00:34:25 - 00:36:10  Murdoch vs. Neo and which movie plays out its premise better (1m43s)
00:36:15 - 00:38:18  Did The Matrix win, and does it matter?  (2m02s)
00:39:21 - 00:42:39  Should movies aspire to entertain everybody?  (3m18s)

These are all "insight" clips rather than "humor" clips (in the language of the one of the earlier cataloging threads), but I'm kinda surprised at how hostile this gets by the end.

BigDamnArtist wrote:

I still have no idea what that's from and the only part I know is All Your Base Belong To Us, and that's only cause a friend of mine in high school used it CONSTANTLY.

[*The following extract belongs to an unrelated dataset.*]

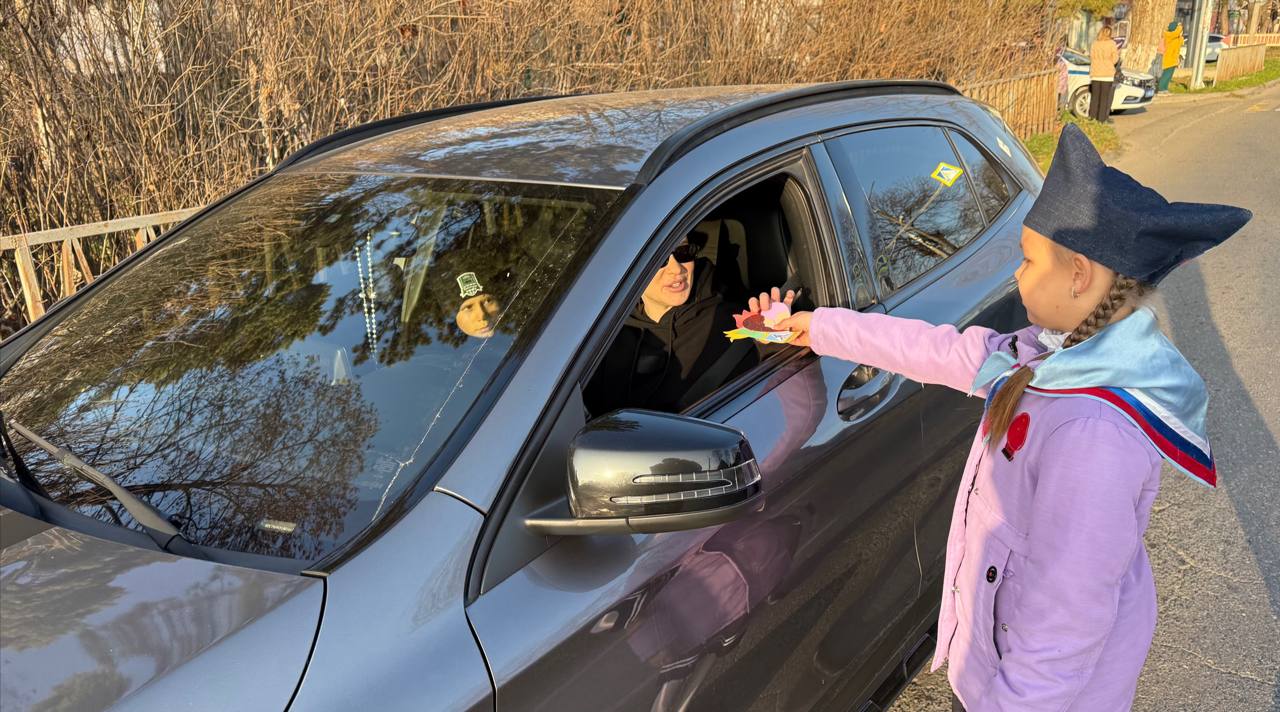 В Ессентуках, ко Дню матери провели социальную акцию для автоледи, призвав соблюдать ПДД В Ессентуках, ко Дню матери провели социальную акцию для автоледи, призвав соблюдать ПДД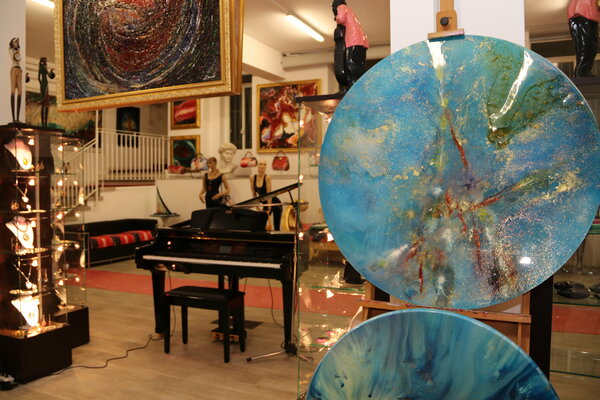 Enrico Nicodemo - Demó in the Studio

It's from a Sega Mega Drive game called Zero Wing, which was famous for having an opening sequence which was notoriously badly translated from Japanese.  Being a huge Monty Python fan as well as professionally interested in language, I just can't get enough of stuff like that.

BigDamnArtist wrote:

ALL YOUR HOTLINKS ARE BELONG TO US!!!!! YOU HAVE NO CHANCE TO SURVIVE MAKE YOUR TIME!!!!  HAAAAHAAAAHHAAAAAAA!!!!

http://farm8.staticflickr.com/7356/10494332865_5e60533e75.jpg

Fixed it for you.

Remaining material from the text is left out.